Professor Vernon Valentine Palmer graduated from Tulane Law School in 1965 and returned to join its faculty five years later. For the past five decades, Professor Palmer has taught and mentored generations of Tulane lawyers and helped to cement Tulane’s reputation as a world leader in civil and comparative law.
Palmer’s preeminence as a comparative legal scholar has been recognized by the International Academy of Comparative Law in Paris, which named him in 2022 one of the World's Five Greatest Comparativists.
Palmer has authored more than 50 books and articles on the comparative law of obligations, code revision, legal history, delictual liability and third-party beneficiary contracts. Among other path-breaking work, Palmer is the author of Through the Codes Darkly: Slave Law and Civil Law in Louisiana (The Lawbook Exchange 2012) and editor of Mixed Jurisdictions Worldwide (Cambridge University Press 2nd edition 2012), the leading text in the field. His most recent book, The Lost Translators of 1808 and the Birth of Civil Law in Louisiana (Univ. of Georgia Press 2021), reshaped his understanding of Louisiana’s unique legal history by uncovering the leading influences on the formation of Louisiana’s Civil Code.
Palmer received the Sumter Marks Award in 2000 and 2001 in recognition of his research, and in 2005, he received the Tulane University Provost’s Award for Excellence in Research and Scholarship. In 1986-87 and 1992-93, Palmer held the Chair of Common Law at the University of Paris (Sorbonne), and in subsequent years has been a Visiting Professor of Comparative Law at Bucerius Law School in Hamburg; the Ramon Llull University in Barcelona; the University of Trent in Trento, Italy; the University of Lausanne; the University of Geneva; and the University of Fribourg. He was organizing chair of the First Worldwide Congress on Mixed Jurisdictions, held in New Orleans in 2002, and is the founder and President of the World Society of Mixed Jurisdiction Jurists. In 2003, he was elected a titulary member of the International Academy of Comparative Law at the Hague.
Bettie Runnels (L’1898, post-humous) First woman to graduate from Tulane Law School and the first female lawyer in Louisiana.
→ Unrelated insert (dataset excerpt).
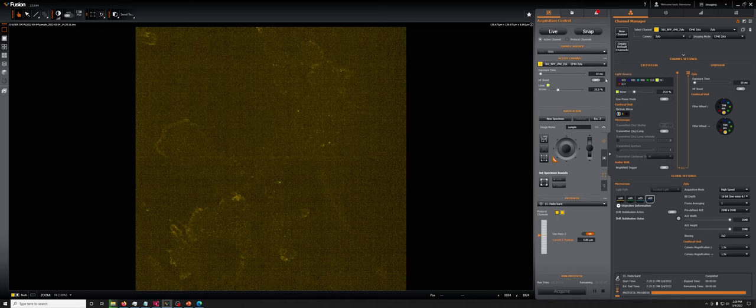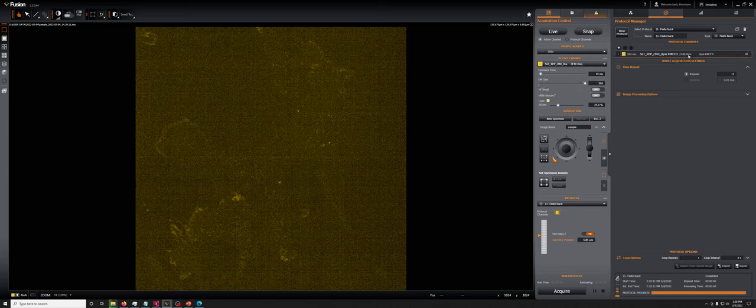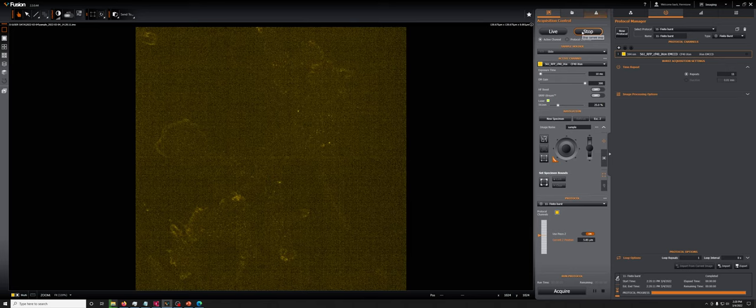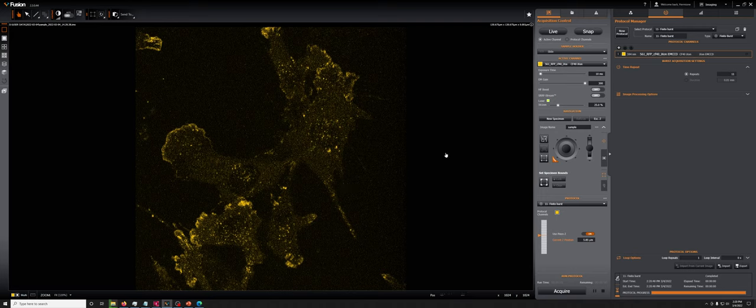The EMCCD does as well. But with the EM gain, the EMCCD crushes that readout noise. And we can get these beautiful images with really short exposure. So again, here's the Ixon image, which you can see is dramatically better than the Xyla.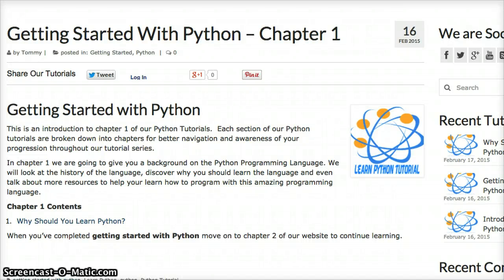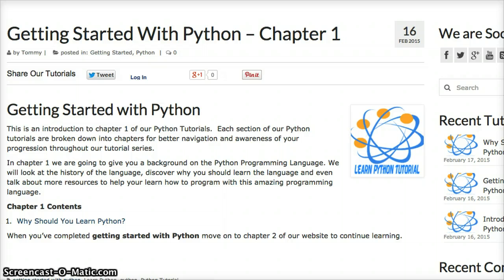Hello and welcome to learnpythontutorial.com. In today's video we're going to be covering getting started with Python, chapter 1. The main focus of this video is going to be what we're going to cover in chapter 1, so it's going to be very short and quick. Chapter 1 is just covering the basics of Python.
Born in 1871 in Texas, Runnels moved to Louisiana as a child and grew up in New Orleans. She was drawn to law and was working as a stenographer for a New Orleans law practice when, in 1894, the Louisiana legislature changed the law to permit universities in the state for the first time to issue professional degrees in law, medicine, and pharmacy to women. Runnels resolved to realize her dream of becoming a lawyer and became the first woman to apply to Tulane Law School. According to a news report in the Daily Picayune, the law school’s then-new Dean, Harry Hall, granted her admission after confirming the change in state law and affirmatively welcomed her to the class. Upon her enrollment, Runnels became not only the first female law student in Louisiana but the entire Deep South.
The Picayune hailed Runnels for her seriousness and ambition – “one of the most intelligent young women in New Orleans, and in every way a credit and honor to her sex” – but noted that she would bear the burden of being a pioneer. Besides being the only woman in her class, it noted that she would have to “burn the candle at both ends” by continuing to work as a stenographer to put herself through school.
“The career of Miss Runnels will be watched with interest, not only by the women of Louisiana but by the entire nation,” the Picayune wrote. “For it is a great thing, a solemn thing, to be the pioneer in any cause.”
After her graduation in 1898, Runnels was admitted to practice in Louisiana, becoming the first female attorney licensed in the state. She later moved to the Chicago area and died in 1943.